[Input data]:
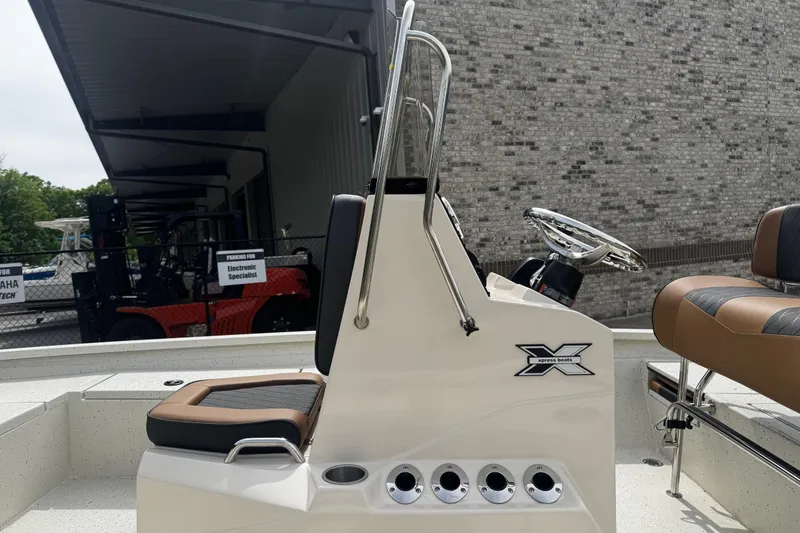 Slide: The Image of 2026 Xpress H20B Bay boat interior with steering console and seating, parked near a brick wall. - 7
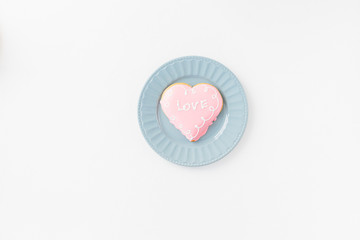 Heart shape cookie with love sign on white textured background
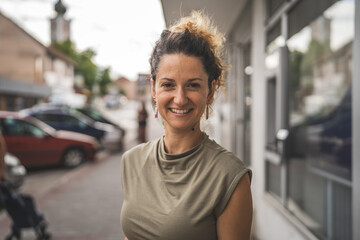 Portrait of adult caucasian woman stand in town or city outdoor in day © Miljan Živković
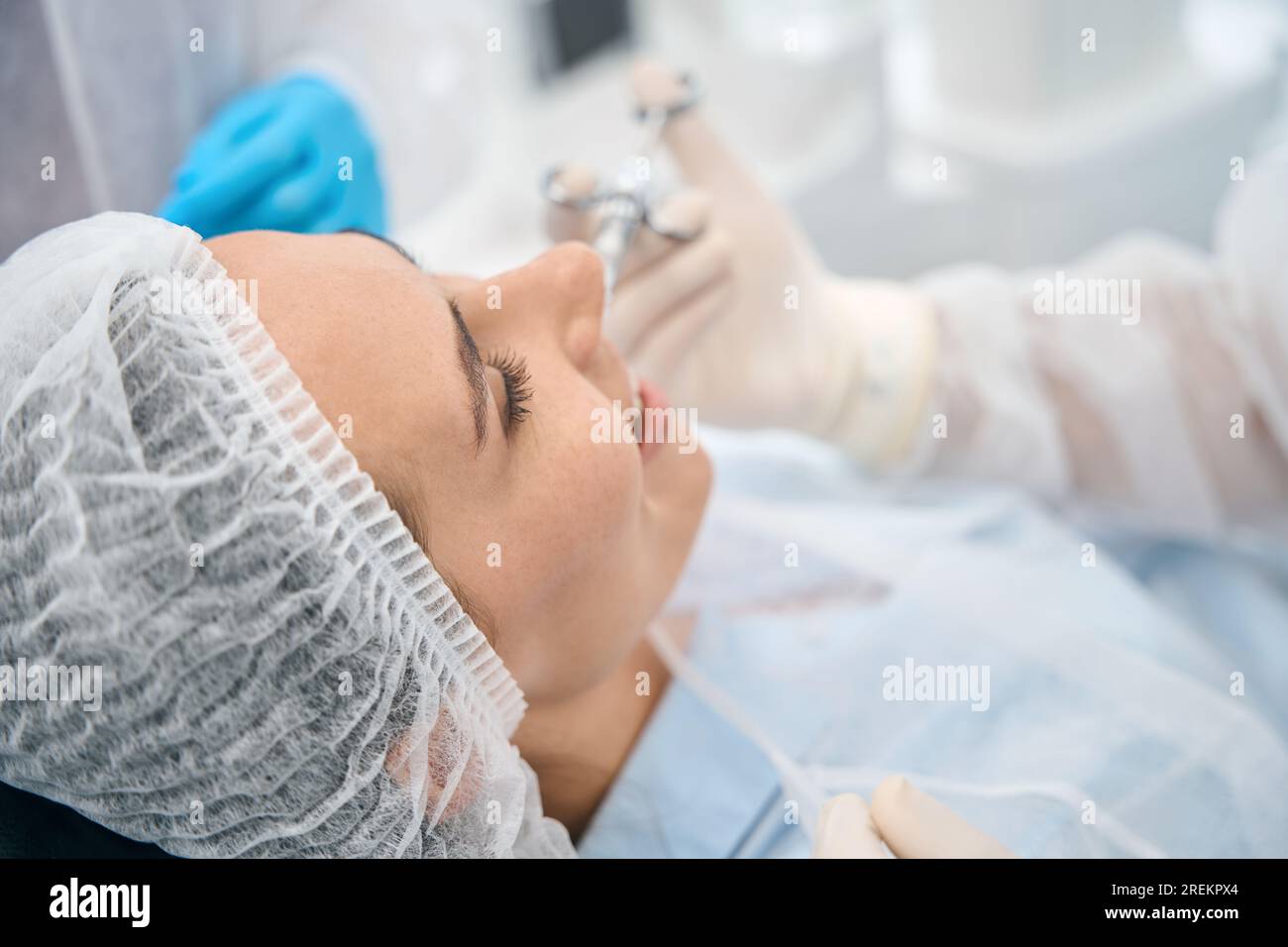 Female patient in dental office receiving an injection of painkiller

[Work request]:
Type the material out again exactly. Skip the pictures.

[Result of this task]:
 Slide: The Image of 2026 Xpress H20B Bay boat interior with steering console and seating, parked near a brick wall. - 7
 Heart shape cookie with love sign on white textured background
 Portrait of adult caucasian woman stand in town or city outdoor in day © Miljan Živković
 Female patient in dental office receiving an injection of painkiller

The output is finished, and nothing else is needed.